As for those “shitting a virtual brick as email says contract put on my life unless pay 2 grand in BogusCoin by Wednesday”:

Bitcoin thieves threaten real violence for virtual currencies (nytimes.com).

In New York City, a man was held captive by a friend until he transferred over $1.8 million worth of Ether, a virtual currency second in value only to Bitcoin.

Similar events leading to conference for 170+ “leaders” in the virtual currency industry held in Cancun, Mexico where a security force had to be brought to to protect guests from criminals keen to pinch their virtual currency wallets along with anything else gripped in firm cholo shakedown while they were in attendance:

Bitcoin security tip: protect your software with hardware—seemingly in the form of an assult rifle
During the group discussion at the conference, attendees talked about having a “duress wallet” at home that can be handed over to throw an assailant off the trail of a bigger fortune, as well as several other security measures that can be used to deal with the threat.

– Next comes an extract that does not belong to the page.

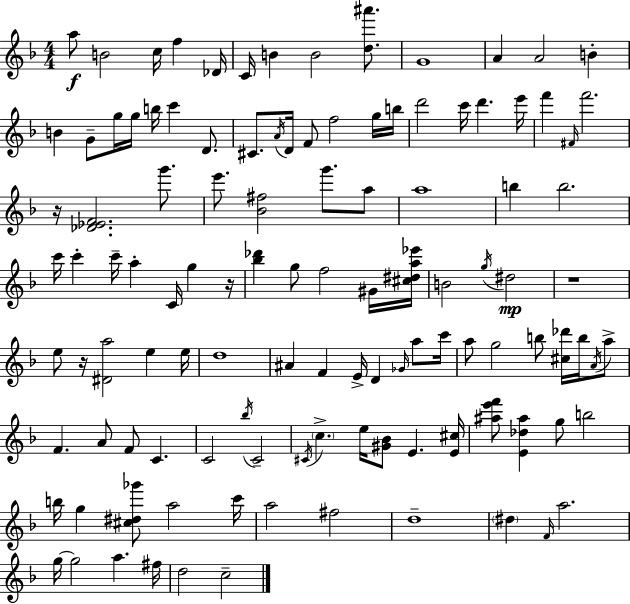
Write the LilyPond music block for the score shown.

Leading on to inevitable all-American tips to “go dark” by not providing real world address to anyone and picking up deliveries from a PO box and to “protect your software with hardware” in the form of assault rifles and something .357 caliber that can be quickly gripped under your pillow in the heat of the moment.

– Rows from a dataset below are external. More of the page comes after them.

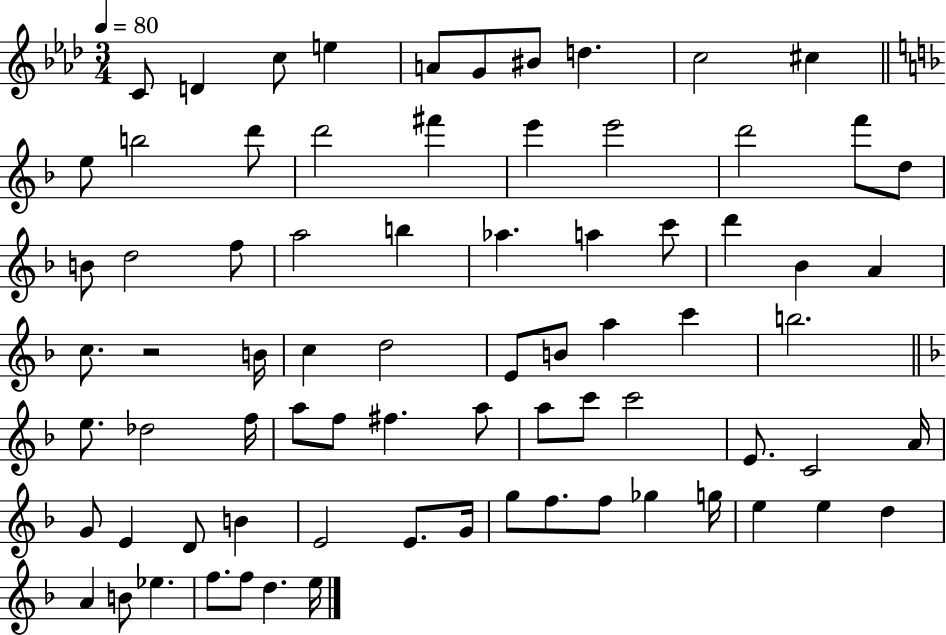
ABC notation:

X:1
T:Untitled
M:3/4
L:1/4
K:Ab
C/2 D c/2 e A/2 G/2 ^B/2 d c2 ^c e/2 b2 d'/2 d'2 ^f' e' e'2 d'2 f'/2 d/2 B/2 d2 f/2 a2 b _a a c'/2 d' _B A c/2 z2 B/4 c d2 E/2 B/2 a c' b2 e/2 _d2 f/4 a/2 f/2 ^f a/2 a/2 c'/2 c'2 E/2 C2 A/4 G/2 E D/2 B E2 E/2 G/4 g/2 f/2 f/2 _g g/4 e e d A B/2 _e f/2 f/2 d e/4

Updated 26th February 2018

Elon Musk just revealed the surprising amount of Bitcoin he owns (time.com).

Entrepreneur and engineer Elon Musk-man whose name is synonymous with boundary-pushing companies like Tesla and SpaceX—just revealed how much Bitcoin he owns. And it’s not a lot.

Indeed, being fuck all:

“I literally own zero cryptocurrency, apart from .25 BTC that a friend sent me many years ago,” Musk said in a tweet on Thursday. That’s about $2,552.42 as of Friday afternoon (Bitcoin values fluctuate constantly).

Small change to a chap worth $21.4 billion according to the Bloomberg Billionaire Index. But Musk’s tweet was in response to a Twitter user asking why so many spammers—or speculators—were impersonating Musk with cryptocurrency scams—or exciting “my first Bitcoin” testimonials, reading us back to Twitter CEO Jack Dorsey:

“What’s with all the ETH spam?” a user asked, referring to the cryptocurrency Ethereum.

“Not sure,” Musk responded. “I let [Jack Dorsey, CEO of Twitter] know, but it’s still going.”

Yeah, “pumping” Jack dragging his feet with that one.

Updated 3rd March 2018

And having given his impression of exactly what Brexit will do for the wallets of Lil’ English in midlife crisis desperate to get their sovereignty back (theguardian.com, Feb. 2018), Bank of England chief chappy seeming selects either “speculative bubble that will soon burst ” or “pyramid scheme ripe for scammers of ever kind” option in poll:

Mark Carney: “Who is more foolish? The fool or the fool who follows him?”

Bank of England Governor Mark Carney: The only way to make money from bitcoin is to find a greater fool than you (mirror.co.uk).

Bank of England Governor Mark Carney has launched a scathing attack on cryptocurrencies such as bitcoin, and called for them to be held to the “same standards as the rest of the financial system”.

In a speech delivered to the Inaugural Scottish Economics conference in Edinburgh, Carney branded cryptocurrencies a “failure”, a lottery and said they exhibit the “classic hallmarks of bubbles” that attract “fools”.

Ouch!

Updated 14th March 2018

And as Facebook banned, Google does too:

Google is banning all bitcoin, ICO, and cryptocurrency ads from June (uk.businessinsider.com).

Scott Spencer, Google’s Director of Sustainable Ads, said in a blog post on Wednesday that the company has “updated several policies to address ads in unregulated or speculative financial products like binary options, cryptocurrency, foreign exchange markets and contracts for difference (or CFDs).”